Consider this example that uses Wget:

$ wget http://www.example.com/page

Resolving www.example.com...
Connecting to www.example.com:80... connected.
HTTP request sent, awaiting response... 404 Not Found
2010-01-19 05:37:11 ERROR 404: Not Found. 

Many analysts assume that the malicious web page is gone when they see this. However, consider the same connection made with Curl:

$ curl http://www.example.com/page

<HTML>
<HEAD><TITLE>404 Not Found</TITLE></HEAD>
<BODY>
<H2>404 Not Found</H2>
<SCRIPT>
document.write("Hi there, bear!");
</SCRIPT>

<P>The requested URL was not found on this server.</P>
</BODY>
</HTML>

Now you can see that the error page is an HTML document that has JavaScript embedded in it. In this example, the script simply prints a friendly greeting; however, it could have been malicious. The victim's browser would render the page and execute the script that could implement an attack.

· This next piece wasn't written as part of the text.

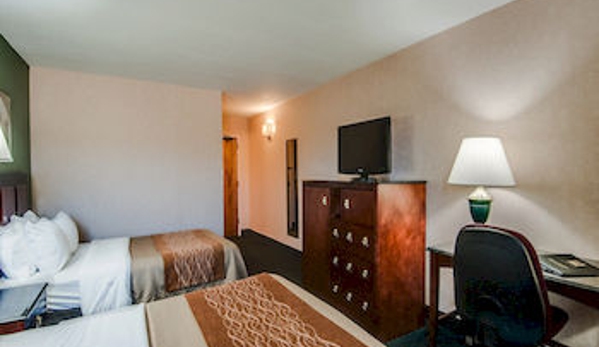 Comfort Inn Virginia Horse Center - Lexington, VA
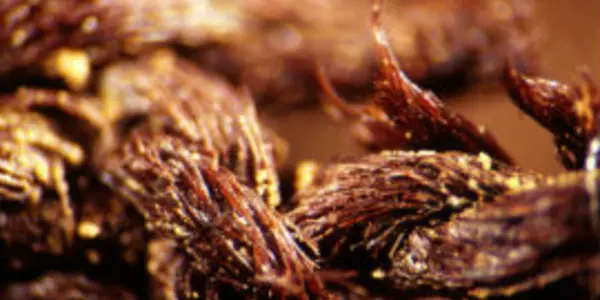 Embalming Study  Finds Mummification 1,500 Years Earlier Than Believed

Another useful feature of Curl is its ability to save headers that the remote web server supplied when responding to the HTTP request. This is useful because JavaScript obfuscation techniques make use of information about the page and its context, such as its last-modified time. Saving the headers allows the analyst to use this information when/if it becomes necessary. Use the "-D" parameter to specify the filename where the headers should be saved:

$ curl http://www.example.com/page -D headers.txt

<HTML>
<HEAD><TITLE>404 Not Found</TITLE></HEAD>
...

$ cat headers.txt

HTTP/1.1 404 Not Found
Server: Apache/2.0.55
Content-Type: text/html; charset=iso-8859-1
Date: Wed, 19 Jan 2010 05:51:44 GMT
Last-Modified: Wed, 19 Jan 2010 03:51:44 GMT
Accept-Ranges: bytes
Connection: close
Cache-Control: no-cache,no-store

If you wish Curl to also save the retrieved page to a file, instead of sending it to STDOUT, use the "-o" parameter, or simply redirect STDOUT to a file using ">". This is particularly useful when retrieving binary files, or when the web server responds with an ASCII file that it automatically compressed. If you're not sure about the type of the file you obtained, check it using the Unix "file" command or the TrID utility (available for Windows and Unix).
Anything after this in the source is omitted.